Skipping decorators in unit tests

Terry Reedy tjreedy at udel.edu
Fri Oct 11 04:32:56 EDT 2013


On 10/11/2013 4:17 AM, Terry Reedy wrote:
> On 10/10/2013 11:13 PM, Cameron Simpson wrote:
>> On 11Oct2013 02:55, Steven D'Aprano
>> <steve+comp.lang.python at pearwood.info> wrote:
>
>>> def undecorate(f):
>>>      """Return the undecorated inner function from function f."""
>>>      return f.func_closure[0].cell_contents
>>
>> Whereas this feels like black magic. Is this portable to any decorated
>> function? If so, I'd have hoped it was in the stdlib. If not: black
>> magic.
>>
>>> And in use:
>>>
>>> py> f(100)
>>> 201
>>> py> undecorate(f)(100)
>>> 200
>>
>> All lovely, provided you can convince me that undecorate() is robust.
>> (And if you can, I'll certainly be filing it away in my funcutils
>> module for later use.)
>
> It only works if the decorator returns a closure with the original
> function as the first member (of func_closure).

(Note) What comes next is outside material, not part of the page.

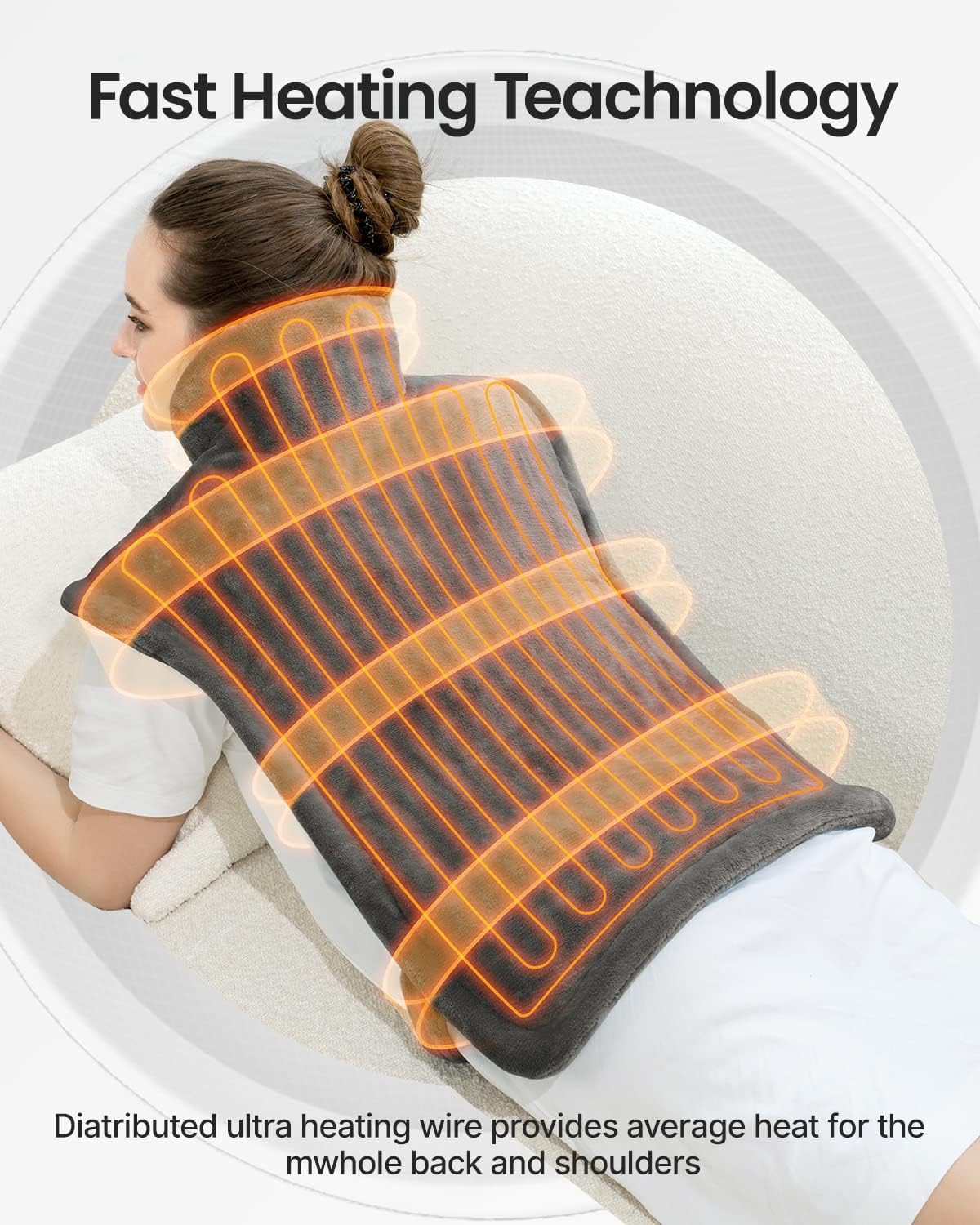 RENPHO Mothers Day Gifts, Electric Heating Pad - 6 Heat Levels for Neck, Shoulder, and Back, Weighted Pad for Snug Fit - Machine Washable, ETL Safety Certified for Cold Nights and Winter, FSA Eligible - Image 5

Often true, but not at
> all a requirement.

Another standard decorator method is to write a class with a .__call__ 
method and attach the original function to instances as an attribute. 
(Indeed, decorators were borrowed from class-happy Java ;-). But there 
is no standard as to what the function attribute of instances is called. 
The OP's request for accessing the function without modifying the tested 
code cannot be met in general. One must have access to the tested code.